What it Means to be a Writer: Mina Ruyle on Identity in CITY OF GLASS by Paul Auster, Paul Karasik, and David Mazzucchelli


From the very beginning of the graphic novel adaptation of Paul Auster’s City of Glass, the identity of the protagonist is blurred. He is only called Quinn when he is introduced, and it is made known immediately that he no longer writes under his real name, now only releasing mystery novels under the name William Wilson. He has “stopped thinking of himself as real,” and he only exists in the world as Max Work, the detective in William Wilson’s work (Fig. 1). From before the story has even begun, he is a man cleaved in three -– and this only complicates further as he takes on the name Paul Auster. This is a narrative where the characters are purposely blended together and muddied, and the artwork of Paul Karasik and David Mazzucchelli further distorts the reader’s ideas of who is who. 

The core characters of the story, and those whose identities are blurred, are Daniel Quinn, Paul Auster, and Peter Stillman Sr. The thread that connects all of these men, despite their enigmatic existences, is their shared identity as writers. Quinn is a writer at his core. Even at his lowest, he cannot separate himself from his writing; it’s all he knows. Paul Auster is the name of the very author of the original City of Glass novel, as well as a writer studying the story of Don Quixote within the narrative. Stillman is a fraudulent professor who has invented stories and characters to support his claims about the new world. These characters, and the ways that their identities intersect with others in the story, enforce the idea that the salient theme of City of Glass is the blurring between fiction and reality that permeates the life of a writer.  

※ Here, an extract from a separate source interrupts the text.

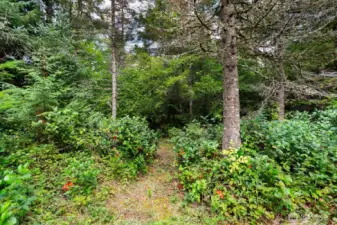 The back lot is a peaceful forest oasis.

Figure 1. Karasik and Mazzucchelli, City of Glass, p. 7, panel 1

As Quinn begins his work as the detective Paul Auster, Karasik and Mazzucchelli occasionally depict Quinn as Max Work in order to show just how disconnected Quinn is from himself. His first appearance even has Max Work standing separate from Quinn, acting out the delusional adventure of “Paul Auster” as Daniel Quinn just watches on (Fig. 1). On the subsequent page, Max tucks him into bed, putting to sleep what may have been left of the real Quinn, as he takes over. He’s a shell of a man after losing his wife and son, and this identity is the only thing that can fill that void. Quinn continues to pose as his idea of Paul Auster, documenting everything as he goes in a journal he buys especially for the case, trying to keep himself grounded. Childlike drawings are often interspersed between panels during Quinn’s quest for knowledge, acting as a visual representation of the inklings of his former self that peek through the cracks of his current “identity,” as thoughts of his dead son threaten to come to the surface.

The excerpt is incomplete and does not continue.